You are viewing a plain text version of this content. The canonical link for it is here.
Posted to user@nutch.apache.org by bob knob <an...@yahoo.com> on 2006/04/11 17:57:21 UTC
Enabling different file types
Hi, it's me again,
If I'm going to use Nutch, I need xls, ppt, & doc file
types to be searchable if at all possible. The wiki
says most file types are disabled by default, but they
can be turned on by changing conf/nutch-site.xml.
Unfortunately there is no documentation that I can
find for this file... any ideas how to do it, or
sample xml that somebody could send over?
Thanks,
Bob
__________________________________________________
Do You Yahoo!?
Tired of spam? Yahoo! Mail has the best spam protection around
http://mail.yahoo.com
Re: Enabling different file types
Posted by Rajesh Munavalli <fi...@gmail.com>.

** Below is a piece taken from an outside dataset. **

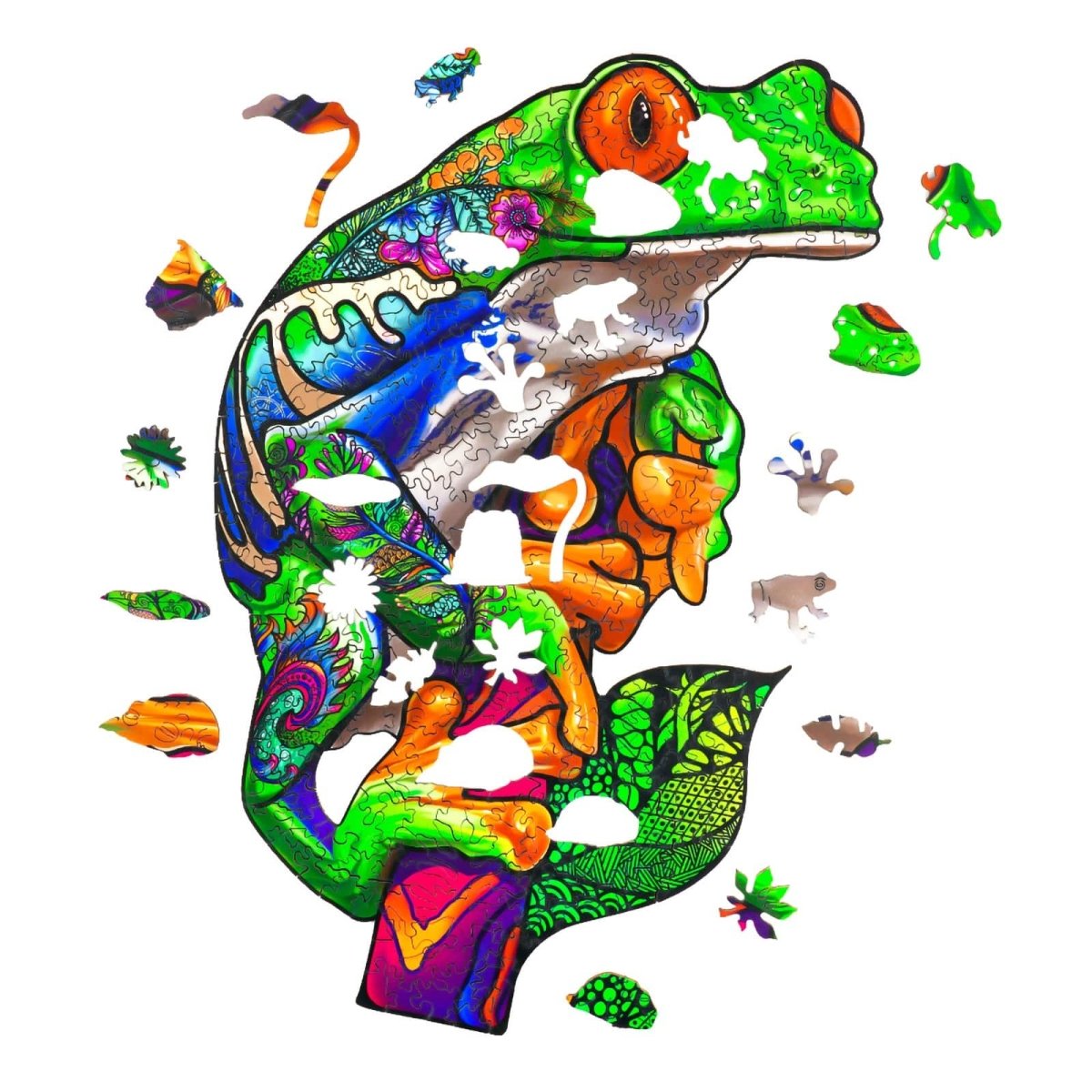 TREE FROG Wooden Jigsaw Puzzle - KAAYEE Puzzle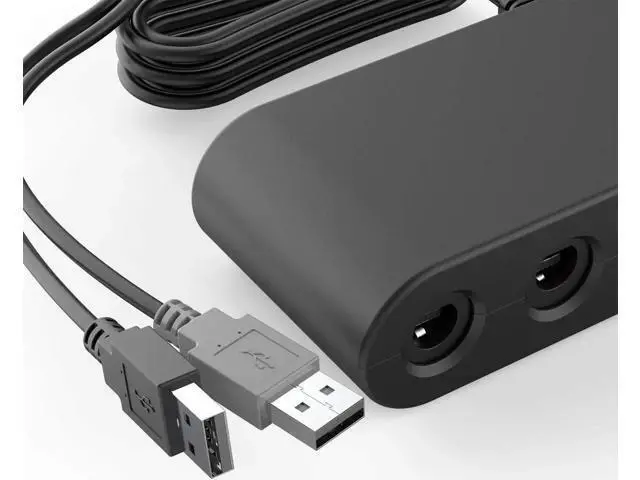 Alt view image 9 of 14 - Gamecube Controller Adapter for Wii u and 4 Port Black Super Smash Bros GameCube Adapter for Wii u PC USB Switch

Follow these steps for nutch-0.7.2:
(1) Modify the nutch-default.xml for the following property
For ex: if you want to include "doc" file type, replace the <value> node to
"parse-(text|html|doc)" as shown below.
<property>
<name>plugin.includes</name>
<value>nutch-extensionpoints|protocol-http|urlfilter-regex|parse-(text|html|doc)|index-basic|query-(basic|site|url)</value>
<description>Regular expression naming plugin directory names to
include. Any plugin not matching this expression is excluded.
In any case you need at least include the nutch-extensionpoints plugin. By
default Nutch includes crawling just HTML and plain text via HTTP,
and basic indexing and search plugins.
</description>
</property>
(2) The next step is to develop the appropriate plugin for the particular
file. The parse needs to implement the interface "Parser" (
org.apache.nutch.parse )in nutch.
More details can be found in the following link
http://wiki.apache.org/nutch/WritingPluginExample
(3) Modify the plugin.xml. The link above describes everything in detail.
Here is an example plugin.xml I wrote for XHTML parser. Observe the
"contentType" which matches the file type you are trying to parse.
<?xml version="1.0" encoding="UTF-8"?>
<plugin id="parse-xhtml" name="Xhtml Parse Plug-in" version="1.0.0"
provider-name="dessci.com">
<runtime>
<library name="parse-xhtml.jar">
<export name="*"/>
</library>
<library name="nekohtml-0.9.4.jar"/>
<library name="tagsoup-1.0rc3.jar"/>
</runtime>
<extension id="com.dessci.search.nutch.parse.xhtml"
name="XhtmlParse"
point="org.apache.nutch.parse.Parser">
<implementation id="com.dessci.search.nutch.parse.xhtml.XhtmlParser"
class="com.dessci.search.nutch.parse.xhtml.XhtmlParser
"
contentType="application/xhtml+xml"
pathSuffix=""/>
</extension>
</plugin>
Hope this helps,
--Rajesh Munavalli
On 4/11/06, bob knob <an...@yahoo.com> wrote:
>
> Hi, it's me again,
>
> If I'm going to use Nutch, I need xls, ppt, & doc file
> types to be searchable if at all possible. The wiki
> says most file types are disabled by default, but they
> can be turned on by changing conf/nutch-site.xml.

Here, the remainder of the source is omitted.